Figure 27: Forked Tandem DQN: passive performance after forking, with the first (out of ) layers of active and passive agent networks shared, i.e. only trained by the active agent, and fixed during the passive training phase.

The next experiment, shown in Fig. 28 and extending the results from Fig. 8, investigates the impact of network architecture more generally, by varying width and depth of both active and passive agents’ networks. Since changes in Atari-DQN network architecture tend to require expensive re-tuning of various hyperparameters, we chose to perform these experiments on the smaller Classic Control domains, where such changes tend to be more straightforward. Nevertheless active performance in these domains does depend on the chosen network configuration, so that we report relative performance as the more informative quantity. The findings across four domains mostly appear to echo those on CartPole described in Section 3.3, showing a positive correlation of (relative) passive performance with network depth, and a negative correlation with its width. Again, a more detailed investigation of the causes for this exceeds the scope of this paper and is left to future work.

Figure 28: Tandem DQN: Passive performance as a fraction of active performance when varying network architecture in classic control games. Here network architecture varies for both active and passive agent, so active performance is also affected by the configuration.

a.5 Applications of Tandem RL: Passive QR-DQN

Figure 29: QR-DQN as a passive learning algorithm, in tandem with a Double-DQN active agent: active vs. passive performance.

Here we provide an example application for the Tandem RL setting as an analytic tool for the study of learning algorithms in isolation from the confounding factor of behavior. As observed in [Agarwal et al., 2020], the QR-DQN algorithm [Dabney et al., 2018] can be preferable to DQN in the offline setting, motivating our attempt to use it as a passive agent, coupled with a regular Double-DQN active agent. As shown in Fig. 29, QR-DQN indeed provides a somewhat different passive performance profile when compared to the regular Double-DQN tandem, albeit not a clearly better one. While perfectly matching active performance in one game (Space Invaders) and even out-performing the active agent in another (Breakout), it also shows exacerbated under-performance or instability in the other two domains. A fine-grained diagnosis of the causes of this are left to future work.
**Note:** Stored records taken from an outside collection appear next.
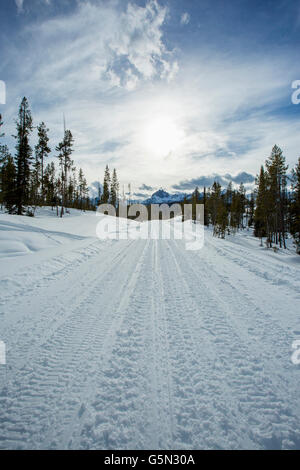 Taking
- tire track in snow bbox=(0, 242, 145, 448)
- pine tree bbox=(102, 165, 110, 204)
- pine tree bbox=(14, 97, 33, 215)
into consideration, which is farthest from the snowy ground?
pine tree bbox=(102, 165, 110, 204)

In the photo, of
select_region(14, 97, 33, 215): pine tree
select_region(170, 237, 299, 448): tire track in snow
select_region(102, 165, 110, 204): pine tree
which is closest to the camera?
select_region(170, 237, 299, 448): tire track in snow

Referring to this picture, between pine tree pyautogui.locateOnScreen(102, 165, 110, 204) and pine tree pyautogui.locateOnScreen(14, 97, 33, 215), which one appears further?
pine tree pyautogui.locateOnScreen(102, 165, 110, 204)

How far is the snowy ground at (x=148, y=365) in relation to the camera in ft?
5.45

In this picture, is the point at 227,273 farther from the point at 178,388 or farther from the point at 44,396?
the point at 44,396

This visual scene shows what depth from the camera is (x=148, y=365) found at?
242cm

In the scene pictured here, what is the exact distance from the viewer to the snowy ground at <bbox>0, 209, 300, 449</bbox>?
166 cm

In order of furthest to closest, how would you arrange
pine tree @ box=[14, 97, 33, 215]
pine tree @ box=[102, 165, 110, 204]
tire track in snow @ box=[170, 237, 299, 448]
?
pine tree @ box=[102, 165, 110, 204]
pine tree @ box=[14, 97, 33, 215]
tire track in snow @ box=[170, 237, 299, 448]

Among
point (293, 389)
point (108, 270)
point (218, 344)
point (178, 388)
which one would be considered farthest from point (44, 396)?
point (108, 270)

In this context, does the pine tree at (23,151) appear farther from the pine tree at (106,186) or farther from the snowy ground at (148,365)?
the pine tree at (106,186)

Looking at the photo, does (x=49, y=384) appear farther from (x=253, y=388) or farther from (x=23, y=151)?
(x=23, y=151)

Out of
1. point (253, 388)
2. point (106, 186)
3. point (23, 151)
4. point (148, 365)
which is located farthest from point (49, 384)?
point (106, 186)

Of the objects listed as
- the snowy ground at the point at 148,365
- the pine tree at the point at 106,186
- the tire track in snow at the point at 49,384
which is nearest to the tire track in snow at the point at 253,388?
the snowy ground at the point at 148,365

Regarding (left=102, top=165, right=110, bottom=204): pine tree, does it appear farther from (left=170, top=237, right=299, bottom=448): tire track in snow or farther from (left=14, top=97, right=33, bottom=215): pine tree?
(left=170, top=237, right=299, bottom=448): tire track in snow

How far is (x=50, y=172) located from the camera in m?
54.4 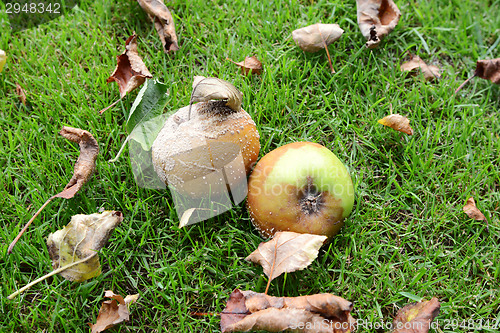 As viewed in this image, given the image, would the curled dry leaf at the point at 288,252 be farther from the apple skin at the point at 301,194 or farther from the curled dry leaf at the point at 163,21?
the curled dry leaf at the point at 163,21

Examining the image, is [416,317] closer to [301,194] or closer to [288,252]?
[288,252]

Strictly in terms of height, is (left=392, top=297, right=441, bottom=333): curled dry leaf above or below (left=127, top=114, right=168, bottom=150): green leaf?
below

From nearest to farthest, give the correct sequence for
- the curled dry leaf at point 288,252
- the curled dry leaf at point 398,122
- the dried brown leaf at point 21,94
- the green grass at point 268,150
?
the curled dry leaf at point 288,252 → the green grass at point 268,150 → the curled dry leaf at point 398,122 → the dried brown leaf at point 21,94

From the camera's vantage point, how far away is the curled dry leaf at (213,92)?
2055 mm

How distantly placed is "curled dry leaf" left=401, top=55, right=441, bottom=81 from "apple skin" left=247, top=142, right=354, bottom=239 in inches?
48.1

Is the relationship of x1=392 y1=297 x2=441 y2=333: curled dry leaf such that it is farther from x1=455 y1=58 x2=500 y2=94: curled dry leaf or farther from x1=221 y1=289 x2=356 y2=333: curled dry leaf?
x1=455 y1=58 x2=500 y2=94: curled dry leaf

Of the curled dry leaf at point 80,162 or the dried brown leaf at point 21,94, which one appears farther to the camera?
the dried brown leaf at point 21,94

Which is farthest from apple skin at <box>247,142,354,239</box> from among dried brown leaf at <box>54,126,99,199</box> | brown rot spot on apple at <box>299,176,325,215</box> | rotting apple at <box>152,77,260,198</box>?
dried brown leaf at <box>54,126,99,199</box>

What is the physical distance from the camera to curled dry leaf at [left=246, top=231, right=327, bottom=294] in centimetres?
200

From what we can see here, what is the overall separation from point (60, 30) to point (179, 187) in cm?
173

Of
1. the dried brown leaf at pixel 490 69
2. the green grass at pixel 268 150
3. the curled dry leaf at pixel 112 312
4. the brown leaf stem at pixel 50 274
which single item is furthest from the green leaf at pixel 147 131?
the dried brown leaf at pixel 490 69

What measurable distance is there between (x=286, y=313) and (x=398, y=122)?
138 cm

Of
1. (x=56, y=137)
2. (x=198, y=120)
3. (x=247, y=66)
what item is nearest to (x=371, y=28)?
(x=247, y=66)

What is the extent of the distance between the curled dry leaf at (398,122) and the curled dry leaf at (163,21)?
1.49 metres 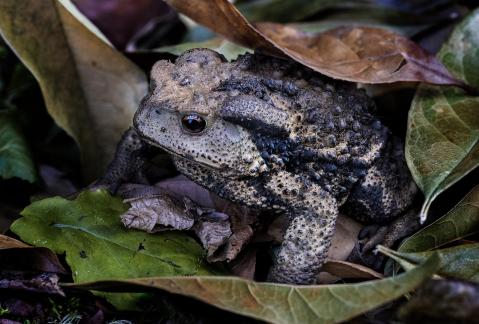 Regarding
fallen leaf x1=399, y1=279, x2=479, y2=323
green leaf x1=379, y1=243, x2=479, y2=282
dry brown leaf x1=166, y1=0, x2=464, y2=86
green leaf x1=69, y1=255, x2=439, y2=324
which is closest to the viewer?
fallen leaf x1=399, y1=279, x2=479, y2=323

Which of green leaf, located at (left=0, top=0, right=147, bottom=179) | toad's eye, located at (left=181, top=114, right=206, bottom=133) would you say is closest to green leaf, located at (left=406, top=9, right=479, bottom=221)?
toad's eye, located at (left=181, top=114, right=206, bottom=133)

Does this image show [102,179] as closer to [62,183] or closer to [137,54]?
[62,183]

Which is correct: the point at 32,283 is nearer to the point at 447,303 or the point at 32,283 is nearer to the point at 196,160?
the point at 196,160

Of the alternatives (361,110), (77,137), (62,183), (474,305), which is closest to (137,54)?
(77,137)

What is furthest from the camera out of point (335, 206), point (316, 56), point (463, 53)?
point (463, 53)

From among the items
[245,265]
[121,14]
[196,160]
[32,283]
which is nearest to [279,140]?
[196,160]

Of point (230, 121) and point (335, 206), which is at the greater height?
point (230, 121)

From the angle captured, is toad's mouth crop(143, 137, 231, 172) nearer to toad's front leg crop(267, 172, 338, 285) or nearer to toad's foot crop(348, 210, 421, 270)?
toad's front leg crop(267, 172, 338, 285) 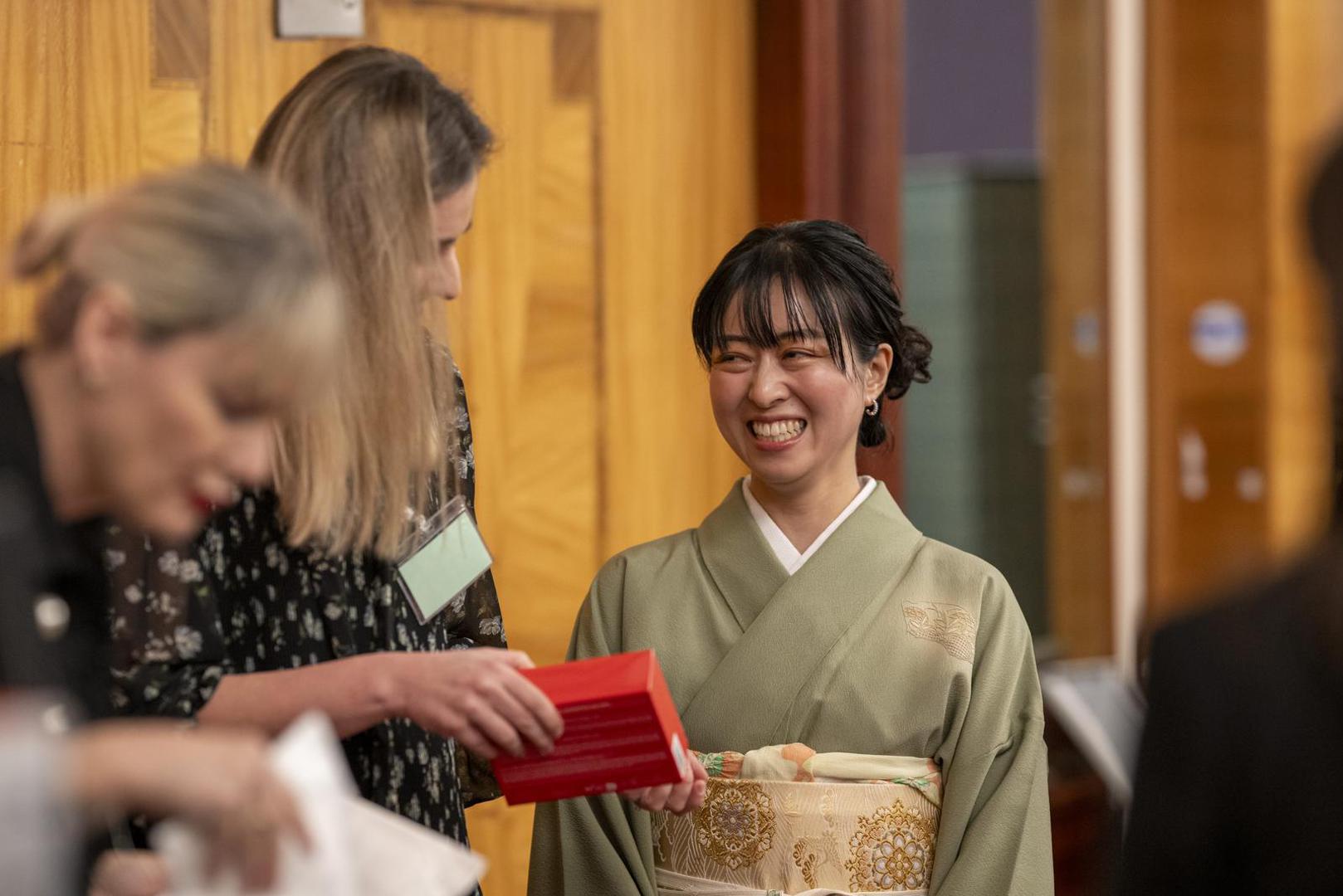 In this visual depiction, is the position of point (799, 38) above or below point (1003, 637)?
above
We note that any difference in performance between the DQN and QR-DQN algorithms as passive agents reflects directly on their properties as learning algorithms, i.e. their respective abilities to extract information about an appropriate control policy from observational data, while separating out any influence their learning dynamics may have on (transient) behavior and data generation. We believe that Tandem RL can become a valuable analytic tool for targeted empirical studies of such properties of learning algorithms.